Wed, Nov 17, 2004 - Page 1 News List

Coup? What coup? MND official says

LACK OF INFORMATION The Ministry of National Defense's spokesman said that he didn't know anything about a reported move to oust the president

By Lin chieh-yu  /  STAFF REPORTER

The Ministry of National Defense (MND) said yesterday that the military has sworn allegiance to the country in accordance with the Constitution and that there was no danger of a coup d'etat, nor was there any information possessed by the military suggesting that any senior officers had intended to take part in such an act.

Meanwhile, President Chen Shui-bian's (陳水扁) recent comments about a "soft coup d'etat" continued to raise a furor in the political arena.

Democratic Progressive Party (DPP) Legislator Lee Wen-chung (李文忠) said that three serving generals and eight lieutenant generals had been targeted by retired officers to either resign or fake illness in order to add to the controversy following the presidential election.

Although the government is repeating that the pan-blue parties attempted to launch a "soft coup d'etat" following the March 20 election, no actual evidence has yet been provided.

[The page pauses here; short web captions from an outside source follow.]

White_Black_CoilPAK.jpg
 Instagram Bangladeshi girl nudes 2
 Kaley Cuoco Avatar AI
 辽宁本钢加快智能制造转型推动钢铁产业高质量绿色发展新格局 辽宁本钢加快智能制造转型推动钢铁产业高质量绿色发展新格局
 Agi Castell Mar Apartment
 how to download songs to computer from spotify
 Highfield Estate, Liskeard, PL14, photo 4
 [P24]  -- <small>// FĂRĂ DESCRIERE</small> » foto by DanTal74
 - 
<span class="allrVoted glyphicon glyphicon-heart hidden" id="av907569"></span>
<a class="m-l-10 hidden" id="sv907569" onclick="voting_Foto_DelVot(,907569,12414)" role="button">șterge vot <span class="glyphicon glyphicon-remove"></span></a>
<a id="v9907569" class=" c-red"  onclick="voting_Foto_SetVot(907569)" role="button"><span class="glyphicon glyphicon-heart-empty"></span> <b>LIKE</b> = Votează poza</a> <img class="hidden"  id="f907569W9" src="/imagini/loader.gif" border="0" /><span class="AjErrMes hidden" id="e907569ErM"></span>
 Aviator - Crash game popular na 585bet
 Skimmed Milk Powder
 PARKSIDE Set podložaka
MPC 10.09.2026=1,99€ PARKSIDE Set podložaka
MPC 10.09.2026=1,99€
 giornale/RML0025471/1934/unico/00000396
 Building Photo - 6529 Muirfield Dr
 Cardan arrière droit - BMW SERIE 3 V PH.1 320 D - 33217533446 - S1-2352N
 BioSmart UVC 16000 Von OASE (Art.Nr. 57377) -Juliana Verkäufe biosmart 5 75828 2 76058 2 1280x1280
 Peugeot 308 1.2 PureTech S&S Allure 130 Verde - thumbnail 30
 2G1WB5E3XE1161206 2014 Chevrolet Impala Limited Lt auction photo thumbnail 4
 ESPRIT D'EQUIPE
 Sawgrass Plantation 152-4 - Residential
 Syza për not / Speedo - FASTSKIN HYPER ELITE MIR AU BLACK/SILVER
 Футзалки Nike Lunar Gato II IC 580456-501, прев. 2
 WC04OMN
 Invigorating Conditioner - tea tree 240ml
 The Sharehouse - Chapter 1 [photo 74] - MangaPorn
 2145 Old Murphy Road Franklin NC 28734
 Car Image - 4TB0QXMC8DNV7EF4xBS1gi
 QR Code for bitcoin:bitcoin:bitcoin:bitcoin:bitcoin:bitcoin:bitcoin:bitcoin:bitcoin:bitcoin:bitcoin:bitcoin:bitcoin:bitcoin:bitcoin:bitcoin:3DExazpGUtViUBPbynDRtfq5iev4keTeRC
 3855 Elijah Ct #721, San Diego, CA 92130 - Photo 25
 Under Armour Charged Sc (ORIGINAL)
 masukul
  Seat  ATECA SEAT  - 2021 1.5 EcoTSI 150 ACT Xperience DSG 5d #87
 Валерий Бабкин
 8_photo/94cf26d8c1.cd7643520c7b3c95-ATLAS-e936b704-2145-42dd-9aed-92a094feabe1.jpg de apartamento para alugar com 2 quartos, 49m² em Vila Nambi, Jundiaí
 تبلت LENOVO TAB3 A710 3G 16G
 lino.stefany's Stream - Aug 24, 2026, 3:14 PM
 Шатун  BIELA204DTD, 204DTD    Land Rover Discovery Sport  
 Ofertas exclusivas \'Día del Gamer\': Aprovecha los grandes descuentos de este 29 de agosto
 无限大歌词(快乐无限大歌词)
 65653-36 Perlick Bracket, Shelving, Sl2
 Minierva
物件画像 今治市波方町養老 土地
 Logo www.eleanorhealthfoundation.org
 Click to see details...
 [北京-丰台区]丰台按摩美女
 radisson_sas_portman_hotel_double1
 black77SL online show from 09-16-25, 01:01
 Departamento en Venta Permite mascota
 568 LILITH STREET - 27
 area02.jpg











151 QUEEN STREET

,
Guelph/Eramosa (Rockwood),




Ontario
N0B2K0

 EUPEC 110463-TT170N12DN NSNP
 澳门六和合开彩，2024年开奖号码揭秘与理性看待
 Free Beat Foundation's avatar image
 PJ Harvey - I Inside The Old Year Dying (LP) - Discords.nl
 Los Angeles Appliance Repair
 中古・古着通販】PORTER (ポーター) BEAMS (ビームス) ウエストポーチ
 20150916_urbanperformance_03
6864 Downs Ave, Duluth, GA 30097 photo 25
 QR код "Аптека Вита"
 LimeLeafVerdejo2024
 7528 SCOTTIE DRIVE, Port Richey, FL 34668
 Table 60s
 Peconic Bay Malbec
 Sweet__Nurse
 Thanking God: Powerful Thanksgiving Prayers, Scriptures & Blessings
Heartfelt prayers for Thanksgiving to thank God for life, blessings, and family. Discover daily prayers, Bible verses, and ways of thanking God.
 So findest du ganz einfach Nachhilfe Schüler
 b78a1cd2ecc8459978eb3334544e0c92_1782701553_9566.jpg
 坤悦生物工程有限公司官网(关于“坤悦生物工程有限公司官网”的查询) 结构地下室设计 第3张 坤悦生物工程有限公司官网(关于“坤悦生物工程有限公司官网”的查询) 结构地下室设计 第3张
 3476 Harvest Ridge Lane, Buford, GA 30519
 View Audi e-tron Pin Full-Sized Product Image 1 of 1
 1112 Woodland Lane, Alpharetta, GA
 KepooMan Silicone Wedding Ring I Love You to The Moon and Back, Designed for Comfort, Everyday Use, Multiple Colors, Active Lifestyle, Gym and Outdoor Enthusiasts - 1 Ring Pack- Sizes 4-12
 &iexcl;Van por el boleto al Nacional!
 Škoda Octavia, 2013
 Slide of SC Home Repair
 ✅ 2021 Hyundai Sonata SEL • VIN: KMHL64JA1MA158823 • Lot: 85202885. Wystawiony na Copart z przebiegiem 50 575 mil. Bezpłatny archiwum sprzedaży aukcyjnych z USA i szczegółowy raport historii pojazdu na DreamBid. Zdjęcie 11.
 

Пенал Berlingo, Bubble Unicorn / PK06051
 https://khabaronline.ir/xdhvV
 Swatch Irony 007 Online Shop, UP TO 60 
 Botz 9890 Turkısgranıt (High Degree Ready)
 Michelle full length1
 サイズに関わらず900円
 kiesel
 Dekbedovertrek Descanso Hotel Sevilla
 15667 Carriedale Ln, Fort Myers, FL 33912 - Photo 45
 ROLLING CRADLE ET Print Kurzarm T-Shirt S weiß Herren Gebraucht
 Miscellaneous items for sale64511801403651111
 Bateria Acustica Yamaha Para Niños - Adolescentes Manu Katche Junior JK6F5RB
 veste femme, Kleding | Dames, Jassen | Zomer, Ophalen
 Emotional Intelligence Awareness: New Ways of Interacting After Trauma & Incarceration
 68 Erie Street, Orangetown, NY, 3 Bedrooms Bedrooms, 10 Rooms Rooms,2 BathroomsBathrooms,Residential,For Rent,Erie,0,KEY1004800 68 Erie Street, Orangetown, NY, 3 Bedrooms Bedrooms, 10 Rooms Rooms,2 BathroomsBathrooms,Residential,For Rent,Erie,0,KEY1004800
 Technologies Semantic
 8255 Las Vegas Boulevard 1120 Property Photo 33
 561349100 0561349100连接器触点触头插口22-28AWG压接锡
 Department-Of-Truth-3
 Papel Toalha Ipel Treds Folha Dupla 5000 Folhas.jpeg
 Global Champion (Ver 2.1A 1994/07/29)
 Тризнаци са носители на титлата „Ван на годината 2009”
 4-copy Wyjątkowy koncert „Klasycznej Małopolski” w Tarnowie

The ministry tried to keep a low profile yesterday regarding the accusation, but MND spokesman Major General Huang Suey-sheng (黃穗生) was questioned repeatedly by reporters about whether the military had any intelligence about the issue.

Huang simply stressed the loyalty of the military to the country, but refused to comment on whether the MND has proceeded with an internal investigation. He also refused to confirm whether or not any retired generals had contacted high-ranking officials in the wake of the election.

"The military's stance on its allegiance to the country is positively certain. The so-called `soft coup d'etat' is something the military is not familiar with, nor does the MND understand the source of the information coming from some of these legislators," Huang said.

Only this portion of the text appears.